**Your assignment**
Go through the data below and gather each line containing "table".

Crawled caption data:
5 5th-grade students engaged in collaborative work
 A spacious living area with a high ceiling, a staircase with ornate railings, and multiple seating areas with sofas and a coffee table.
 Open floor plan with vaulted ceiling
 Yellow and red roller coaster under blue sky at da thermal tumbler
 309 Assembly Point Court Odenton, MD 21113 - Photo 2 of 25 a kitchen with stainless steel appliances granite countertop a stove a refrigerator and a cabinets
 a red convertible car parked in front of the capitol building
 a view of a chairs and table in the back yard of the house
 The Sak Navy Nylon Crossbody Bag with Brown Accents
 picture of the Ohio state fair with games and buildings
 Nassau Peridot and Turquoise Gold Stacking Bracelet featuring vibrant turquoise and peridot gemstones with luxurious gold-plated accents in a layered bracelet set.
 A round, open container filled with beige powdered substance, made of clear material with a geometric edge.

**Result for this task**
 A spacious living area with a high ceiling, a staircase with ornate railings, and multiple seating areas with sofas and a coffee table.
 a view of a chairs and table in the back yard of the house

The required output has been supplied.